Good Consumers Will Show Up for Good Security Measures

www.digitaltransactions.net

For as long as we’ve had threats to transacting online, there’s been a data-security industry poised with a vast array of solutions to protect us, anxiously awaiting evidence of a compelling business case to get things started. But for just as long, it’s been axiomatic that consumers just don’t show up when it comes to protecting themselves—they simply won’t bear any cost or inconvenience in order to transact securely. No show, no dough.
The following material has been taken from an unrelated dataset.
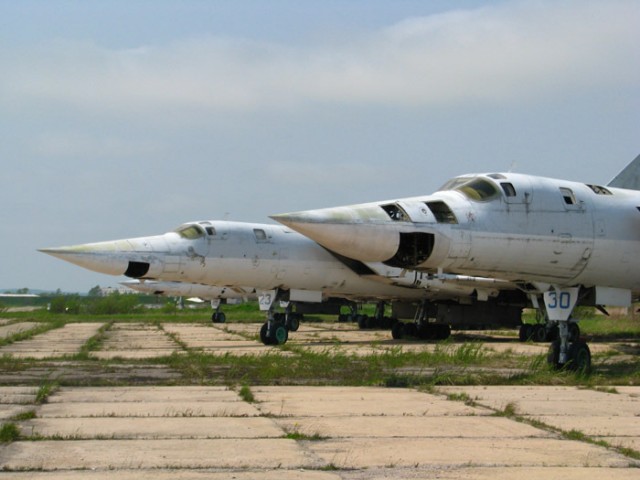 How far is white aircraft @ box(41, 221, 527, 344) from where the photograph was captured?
66.3 feet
While that presumption might have been true in the past—largely for reasons of the payment industry’s own doing—it’s not true any longer. Events have transcended even the bank card’s clumsy and sometimes self-defeating efforts to wire in point-of-sale-oriented signature-based cards for e-commerce. “Good” consumers just might show up after all. Go back to 1995, when buying on the Web really got under way, to see how logic got stood on its head. That’s when the bank card associations worked closely with the key Internet infrastructure providers and an assortment of security firms to come up with a protocol that would provide substantive digital identification and verification of all parties to an online credit card transaction. The result was the much ballyhooed but quickly jettisoned Secure Electronic Transaction (SET) protocol. SET proved to be overkill—too slow and expensive for most consumers to use. So the first generation of e-commerce went on its merry way without it.